I had lived in the Couleecap service area for a few years and wasn't truly aware of all of the programs that they provided. I have since been an employee for almost 1 year and am amazed at how many areas of life the organization can help low-income people with. All programs are geared towards low-income individuals and households in the region and aim to improve self-sufficiency and meet basic needs. It is truly "a hand up, not a hand out" organization. Programs can assist with preventing homelessness, reversing homelessness, car loans/car repairs to get to work, accessing social security benefits, home weatherization/rehab, improving employment skills for youth and young adults, emergency food/clothing, distributing food to food banks, drug/alcohol/tobacco use prevention, income-based housing units, 1st time homebuyer counseling, adult job skills improvement, business start-up help, etc. Most participants are very appreciative of the assistance that is provided to them and are definitely in dire need of assistance. All participants are assessed fairly for eligibility, as there are clear guidelines (from the funding sources) regarding who qualifies for a certain program. All Couleecap employees that I have encountered on a regular basis appear to truly be dedicated to making a difference in the lives of those they serve, go above and beyond their job descriptions to help someone out, and are great at referring applicants to other resources as well. Staff are not micro-managed, but are supervised enough that if an employee is not doing their job and participants/public are not being served appropriately, it will be addressed right away. Employees definitely earn their keep here, but that comes with meeting the high level of service that our participants deserve. I have heard many wonderful comments from those I/co-workers have served and it lets me know that Couleecap is doing the right things to decrease poverty and the impacts of poverty. Great place to work, great place to get help, great place to donate to as almost all funding goes directly into helping participants. I wish I would have known about Couleecap's services earlier, so I could refer low-income people in need to a place that truly cares (and so I could start applying for every job posting they had to become an employee sooner)!

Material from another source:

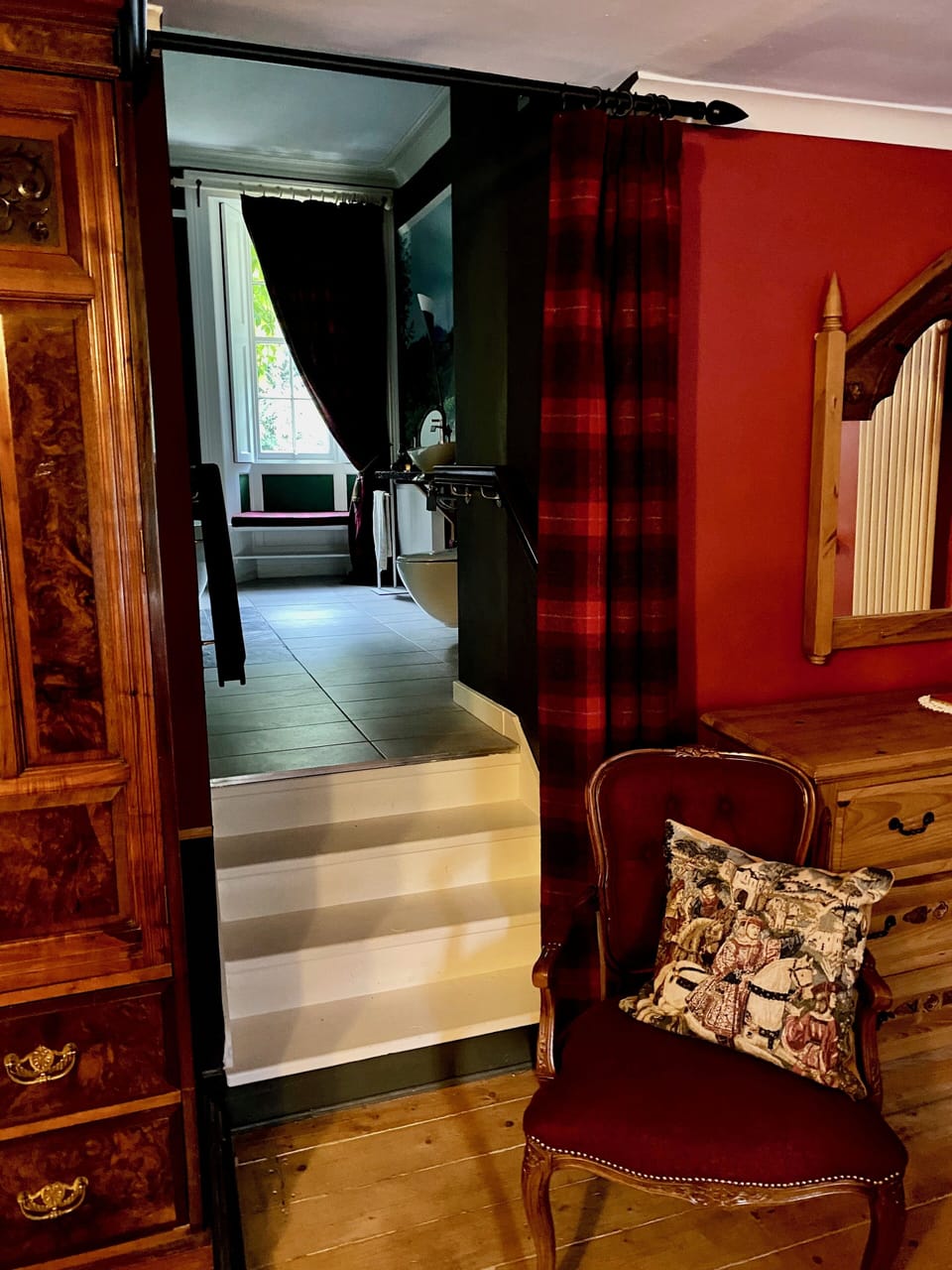 Deluxe Double Room, Garden View | Desk, free WiFi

I worked as an unpaid intern at Couleecap all last semester, and I cannot speak highly enough of the experience. Couleecap is a great place to volunteer and always has tasks available for those willing to help!
Couleecap is also a fantastic organization that works ceaselessly to help its clients. The staff works tirelessly to aid those in its four-county service area and is incredibly conscientious. They are constantly working to improve their services and how the internal mechanisms of the agency run.
Their programs are diverse and much-needed in the Coulee area. If you're looking for an organization to either volunteer for or donate to, Couleecap is the one. Our area would be far worse off without it.
Review from Guidestar
I worked at Couleecap Inc. and it was the worst year of my life. Instead of capitalizing on their workers' skills, the tendency of the organization is to rely on the "pay grade" status of it's employees and is rank with rankism.
As no one makes a great deal of money, those in power there hang on to it as a definition of who they are.
In 2010 there was a large turnover of staff, mostly removal of persons who had any ideas that may have been slightly out of the box.
The management system is punitive and unresponsive. There is an entire culture of denial and a reliance on tattle tales and gossip. It is truly the scariest, most gossiping place I have ever encountered.
The organization (mostly the Housing Department,) goes after the funding vigorously, despite their understaffing and true lack of expertise for some of the projects they try to run.
A good example of this was their work in Gays Mills, Wisconsin. The Housing Department took on a project to move the village to higher ground after the devastating floods of 2008 & 2009. The Housing Director and his assistance had never run a program like that, had no construction expertise whatsoever and eventually, after raising the hopes of the village, did not produce anything viable.
It was truly irresponsible.
The management refuses to recognize when supervisors who are unfit treat their employees badly. They just look the other way if that supervisor "produces;" and will not directly deal with that supervisor's inablility to lead.